Why is this picture iconic?

This for many decades – before the emergence of big city super clubs – was what French club rugby was all about. Small far-flung towns who invested all their emotional energy and spare cash in their beloved rugby club. Local heroes who proudly flew the civic flag.

The late night excitement is tangible; you can hear the guards’ frantic whistles and the shouts of victory and homecoming. Another 20,000 fans are gathered in the Boulevard de Verdun just outside the station and the party has been underway since the final whistle.

The teams almost always travelled by train both locally and to more remote teams up in Paris along the west coast to places like Biarritz, Bayonne and Bordeaux or in the centre of France such as Brive, Grenoble and Montferran­d that was – now Clermont. French rugby revolved around France’s brilliant SNCF system which criss-crossed the nation and made day trips possible. And it still serves that purpose if you want. I covered the 2007 World Cup almost entirely by train.

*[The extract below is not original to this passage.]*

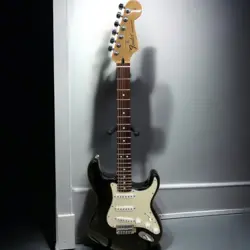 FENDER MEXICO STRATOCASTER ELECTRIC GUITAR, ALDER BODY, ROSEWOOD FRETBOARD, USE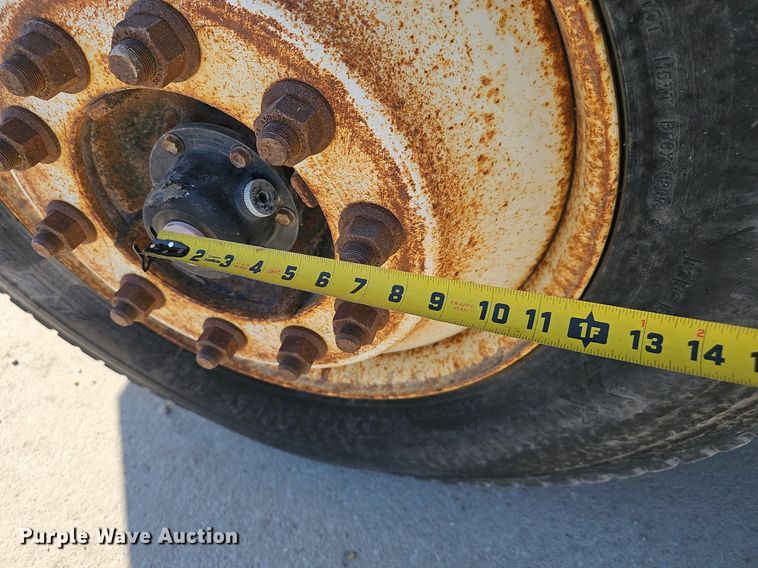 image for item DP0822 2001 International 4900 dump truck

France is a big nation, twice the size of Britain and with mountain ranges making the infrastruc­ture difficult but it was SNCF that made the French Championsh­ip possible.

And on big match weekends the stations came alive with the travelling throng. The station bars and cafes became impromptu clubhouses, places of celebratio­n and commiserat­ion.

Footnote. Nothing is forever. Since their last win in 1984, Beziers have not appeared in a final.